The Sunday Mail
THE fifth edition of the Harare International Carnival (HIC) will be hosted as planned and dates are not going to be postponed despite being a few days away from the country’s July 30 national harmonised elections, the Zimbabwe Tourism Authority has said.
ZTA recently announced the annual carnival will be held from July 17 to July 2.
However, the announcement raised eyebrows.
Critics are questioning the timing of the event considering it will run almost a week before the July 30 harmonised elections and at the peak of the winter season.
The last two editions of the carnival were held in a warm atmosphere, October (2015) and September (2017), periods favourable for outdoor events that usually characterise the jamboree.
The critics believe the event will fail to attract usual multitudes due to divided attention caused by elections that will be in full swing.
Conversely, non-political philosophers are arguing that very few people will have the courage to brave the chilly weather in order to attend the festival.
But ZTA chief executive, Dr Karikoga Kaseke has dismissed all these concerns as baseless.

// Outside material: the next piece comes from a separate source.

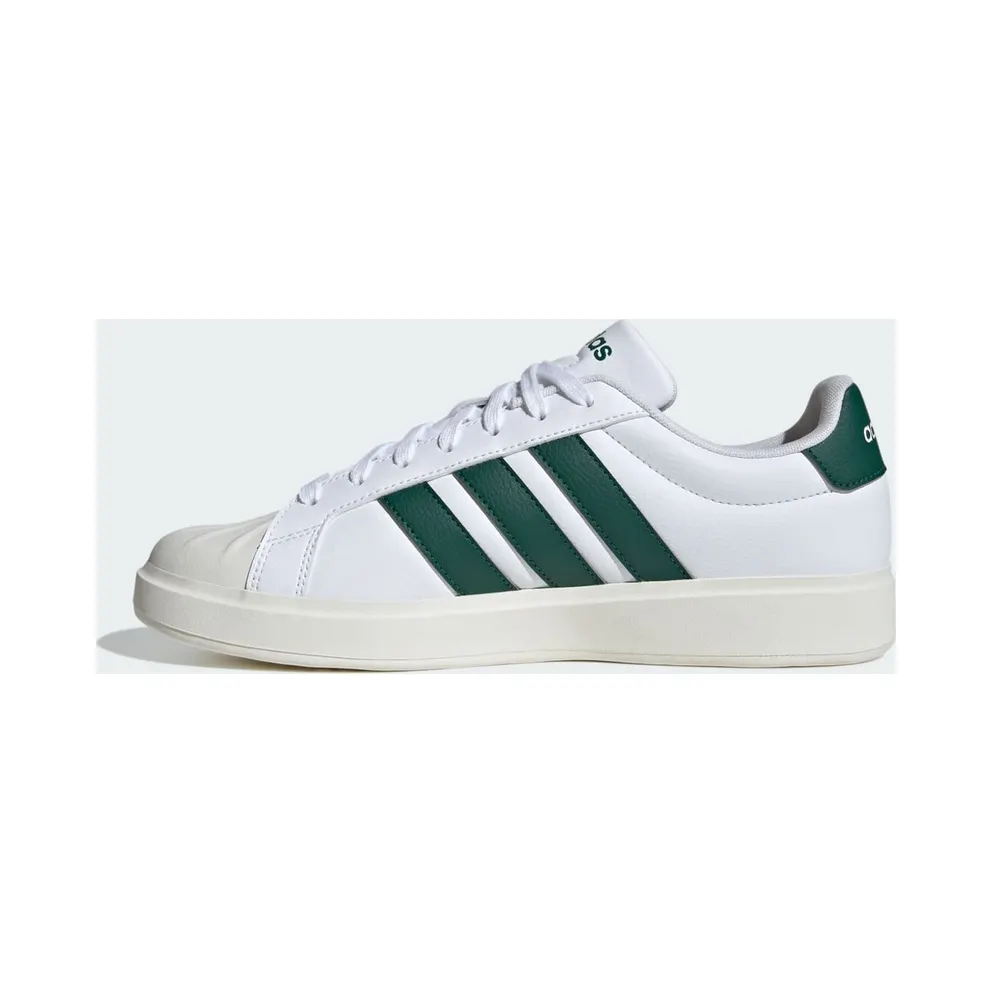 adidas Streettalk White Collegiate Green (JP8281)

The firebrand tourism personality said there is nothing wrong with the timing of the carnival. He said the tourism authority does not have any plans to shift the dates.
“We are trying to show that Zimbabwe is a very peaceful country. It can have the pleasure and luxury of having a carnival a week before elections, which some quarters are saying is impossible. We have a lot of confidence in the messages that are coming from our political leadership that the elections this year will be peaceful, free and fair and above all credible,” said Dr Kaseke.

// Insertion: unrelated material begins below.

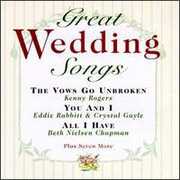 Great Wedding Songs / Various , Various Artists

“There is nothing that can stop us from having this carnival a week before elections. We want to show the world that Zimbabwe has matured and it can be done.”
Dr Kaseke noted that the fact that different political parties are currently holding rallies with no incidences of violence recorded is testimony that things have changed for the better under the new political dispensation.
“Why should we try to prop violence when it is non-existent? The HIC should be viewed by everyone as a platform to promote peace and unity among Zimbabweans. The event is all about celebrating diversity,” said Dr Kaseke.
“Let me also point out that we always do our homework before organising such events.
For instance, my team checked the weather for carnival days, particularly the street march day and findings are that temperatures will be favourable on the day, ranging between 20 and 25 degrees Celsius from 10 am. World over, this is perfect weather for a carnival.”
According to the Zimbabwe Republic Police, any event must be cleared with the police.
“Whoever is organising an event/function where the public is concerned should make sure that adequate security for the event is sourced from the police and that the event is cleared with relevant authorities, which is all that the carnival organisers need to do,” said national deputy police spokesperson Chief Superintendent Paul Nyathi.
Zimbabwe borrowed the carnival concept from countries like Brazil, Seychelles, Jamaica, and Trinidad and Tobago, where they are big business, earning the countries millions of dollars annually.
The carnival concept has been instrumental in promoting peace, unity and tolerance in most countries. Zimbabwe continues to draw lessons from the veterans.
Some of the countries that have taken part in the annual HIC include Brazil, Trinidad and Tobago, Malawi, Kenya, Egypt, Namibia, Ethiopia and South Africa.
The list keeps growing with each passing edition as more countries continue showing interest in the fete.